Speaker
Description
Background and objectives
The transition to sentinel surveillance for SARS-CoV-2 has made it difficult to accurately determine the true scale of infections, underscoring the need for complementary indicators such as wastewater-based epidemiology (WBE). This study aims to estimate unobserved prevalence by developing a predictive framework that infers actual community-level infection scales directly from WBE data.
Methodology and results
A Survival Dynamical System (SDS) model was applied to national weekly SARS-CoV-2 wastewater concentrations and sentinel data in South Korea.

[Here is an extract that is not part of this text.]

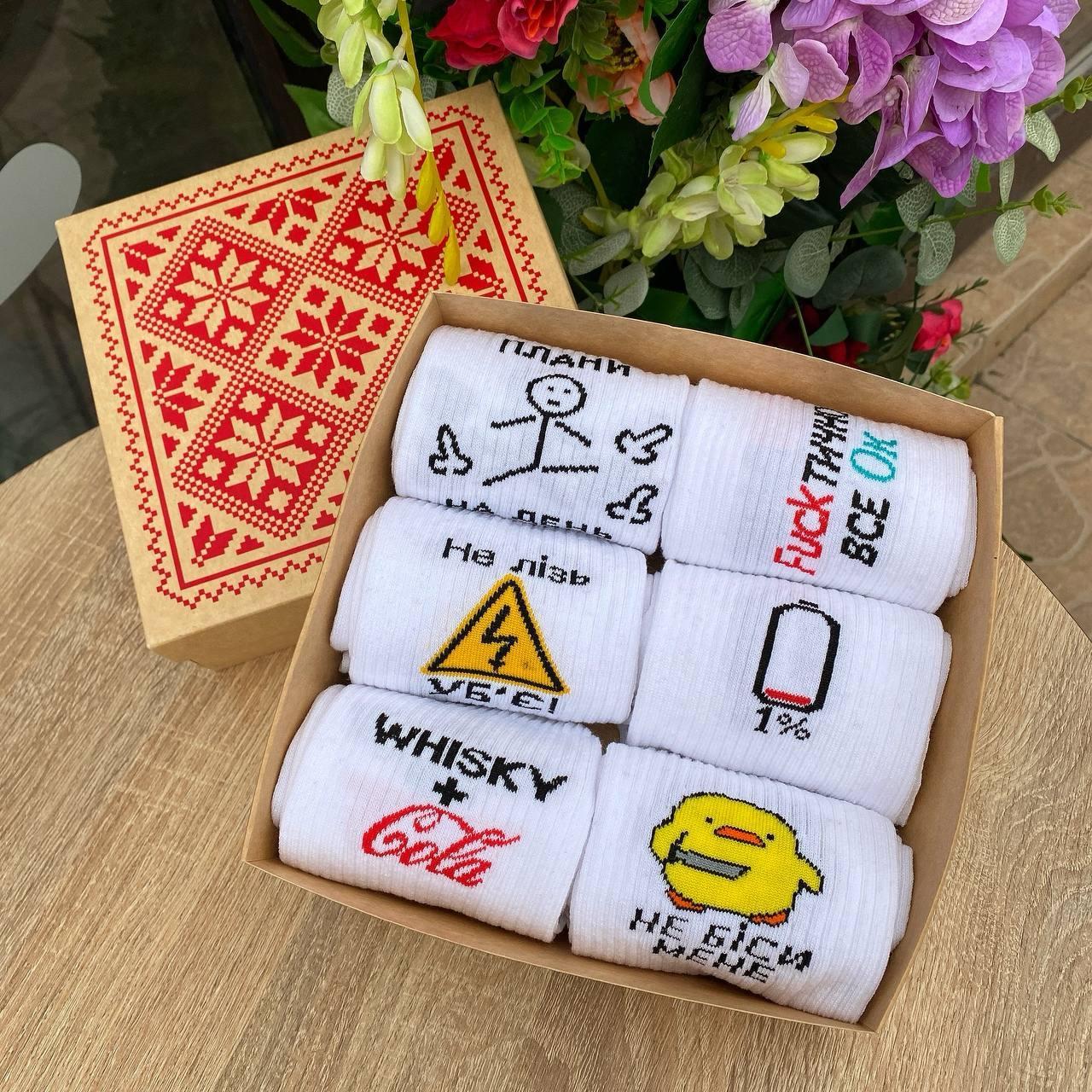 Набір шкарпеток чоловічих довгих білих демісезонних з веселими малюнками 40-45 6 пар в оригінальній Br BAR, фото 1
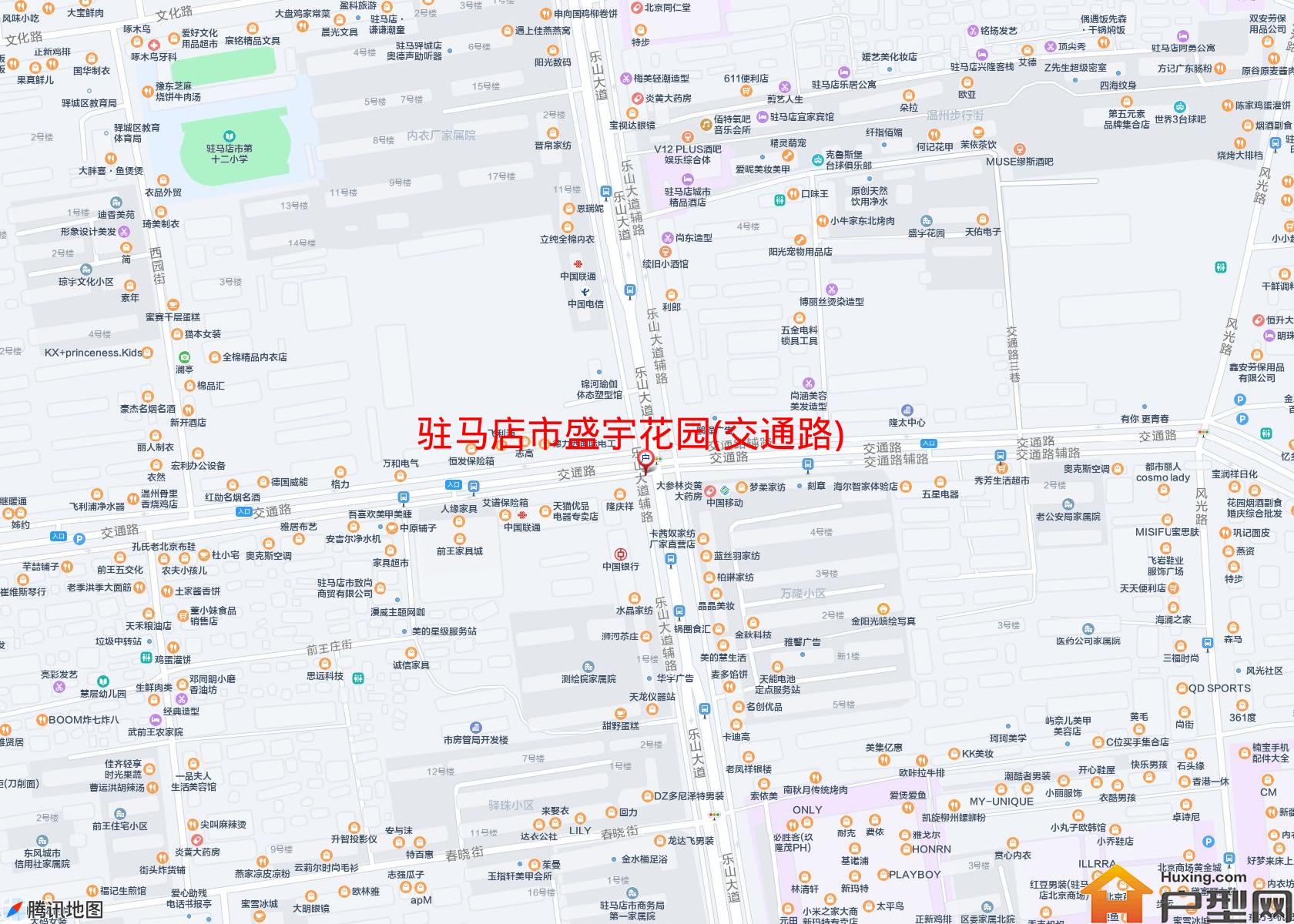 盛宇花园(交通路)小区 - 户型网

The SDS integrates probabilistic distributions of infection and recovery times, enabling inference of continuous epidemic trajectories and estimation of true prevalence even when effective population size is unknown. Modelled prevalence was regressed against wastewater measurements, revealing a robust positive association. A Generalized Additive Model (GAM) with an Autoregressive (AR(1)) error term further captured nonlinear dynamics and time-series autocorrelation, yielding high predictive performance.
Implications
These findings demonstrate that wastewater viral concentrations serve as a reliable indicator of true infection prevalence. Integrating WBE with SDS modelling mitigates clinical underreporting, enabling timely estimation of epidemic intensity and transmission hotspots, and providing a robust complement to traditional public health surveillance.